首先,是对群众的发动和对志愿者的挑选方面。当我在比勒陀利亚征召志愿者时,曾有一位名叫莫克的中年人向我建议,应最大限度地动员群众来加入这场“蔑视运动”。他很认真地告诉我,要想打破种族隔离这部机器,正确的办法是将我们能得到的任何东西——沙子、破烂、石头等统统丢进这部机器的轴承、轮子和所有机器零件里,使它不能运转。
其次,我对西苏鲁等人坚持志愿者队伍应该少而精的看法不以为然,我认为人多力量大,只有让成千上万的志愿者挤满警察署、法庭和监狱,才能使政府的整个功能停止运转。遗憾的是,我和其他人没有接受西苏鲁的建议并驳斥了他的这一建议,从而使很多有可能成为志愿者的人没有机会加入这场运动。
而另一方面,由于对参加非洲人国民大会的人审查不够严格,致使一些破坏分子、分裂分子甚至奸细和警察都混入到国民大会内部来了。
一个曾在全国总部工作过的非洲人国民大会成员原来是警察局派来的内奸。在约翰内斯堡对我们这些组织者进行的审判中,他站出来为政府一方作证,这使我们陷入极为不利的局面。
政府的黑名单
“蔑视运动”被迫中止了,但曼德拉等人没有停止脚步,收拾行囊,打点包袱,在布满荆棘的道路上继续前进。
“蔑视运动”结束之后,非洲人国民大会的领导们和组织者对这次运动进行了总结。总结会过后,大会进行了重新选举,在这次选举中,艾伯特·卢图利当选为主席,曼德拉当选为副主席,全面负责德兰士瓦省的工作,接替刚刚被政府宣布了禁令的马克斯。
这个职位非常重要,人们对曼德拉的领导能力期望很高。他的好朋友奥利弗在大会上极力推荐他,是因为他能力突出,组织和领导能力都很强。更为难得的是,他还向人们提供了向政府表达自己愤怒的手段,从这个意义上来说,他激励了人民的觉醒。
艾伯特·卢图利原来是一名牧师,后来当了17年的酋长,与部落的百姓关系很不错。他还是一名虔诚的基督教徒。

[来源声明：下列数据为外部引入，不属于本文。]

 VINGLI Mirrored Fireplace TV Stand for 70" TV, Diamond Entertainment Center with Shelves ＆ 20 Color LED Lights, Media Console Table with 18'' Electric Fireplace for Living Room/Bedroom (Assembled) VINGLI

他当选后的第一件事就是访问伊丽莎白港,在那里,3.5万人列队欢迎他的到来。
由此可见,他的个人魅力是多么出色。
恰恰在此时,马兰政府发出管制禁令,禁止包括艾伯特、曼德拉在内的52名“蔑视运动”的组织者和领导者12个月内参加公众集会,并不准访问德班、约翰内斯堡、开普敦、伊丽莎白港和一些中心地区。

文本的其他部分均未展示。